How feasible are WHO-recommended genomic surveillance approaches in routine laboratory settings?
They are feasible, but not typically used as a routine test for every sample. In most settings, a tiered approach works best. Frontline laboratories carry out standard diagnostic testing and ensure high-quality sample collection and data recording, while regional or national reference centers perform sequencing on selected cases.
These cases are usually chosen based on factors such as epidemiology, disease severity, travel history, unusual presentation, outbreak context, or gaps in geographic coverage. Guidance from WHO also emphasizes that sequencing should be integrated into existing laboratory systems and adapted to local capacity, rather than implemented as a separate, standalone activity.
How should laboratories balance targeted testing with broader approaches when dealing with emerging infections?
A staged approach offers the best balance. Targeted testing should remain the first line, as it is faster, more cost-effective, and clinically actionable.

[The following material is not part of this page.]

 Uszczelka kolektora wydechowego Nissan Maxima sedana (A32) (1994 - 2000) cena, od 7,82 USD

However, laboratories need clear criteria for when to escalate beyond these methods.
This may include cases of severe unexplained illness, negative initial results despite strong clinical suspicion, unusual epidemiological exposure, cluster detection, or signals from vector or environmental surveillance suggesting an unexpected pathogen.

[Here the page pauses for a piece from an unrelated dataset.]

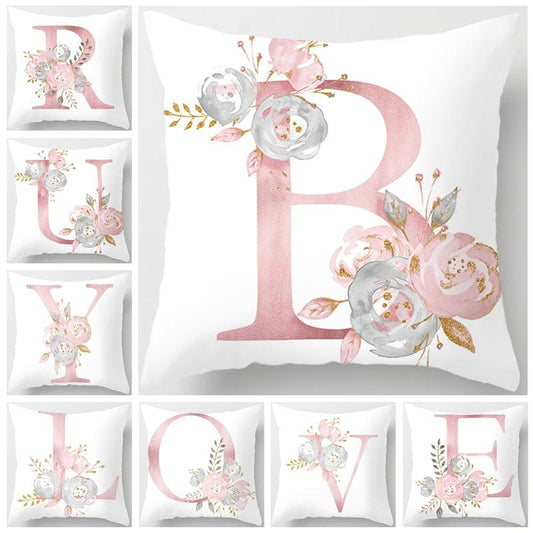Custom Pink Letter Decorative Party Cushion Cover-Dablew11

In practice, broader methods should not replace routine diagnostics but should be used to complement them in a targeted and strategic way.
Looking ahead, which diagnostic advances are most likely to improve early detection and outbreak response?
The most promising advances include multiplex molecular panels that can be easily updated, faster point-of-care molecular tests, improved antigen detection, and more specific flavivirus serology with reduced cross-reactivity. Portable sequencing technologies and clinically validated metagenomic workflows with simplified bioinformatics are also developing.
Beyond laboratory methods, progress will also depend on better data integration. Interoperable systems, standardized metadata, and decision-support tools that link test results with vector, climate, and epidemiological data in near real time will be equally important.
What practical steps can pathologists and laboratory professionals take now to prepare for these emerging threats?
Laboratories can begin with practical steps: review and update local testing algorithms, broaden the differential diagnosis for febrile illness, and ensure proper sample storage for referral or sequencing. Strengthening links with public health and entomology teams is also important, as is maintaining quality-assured molecular and serologic testing.
Capturing standardized metadata – such as travel history, exposures, symptom timing, and location – can improve interpretation. Laboratories should also establish clear referral pathways for uncommon arboviruses and access to untargeted sequencing when needed. Preparation is less about adopting a single new technology and more about building a flexible system that can respond quickly to unexpected threats.
Overall, laboratories need to move from a static, pathogen-specific approach to a more adaptive model that combines targeted diagnostics, genomic surveillance, and One Health data integration. This shift reflects the reality that vector-borne disease patterns are changing faster than traditional testing strategies were designed to handle.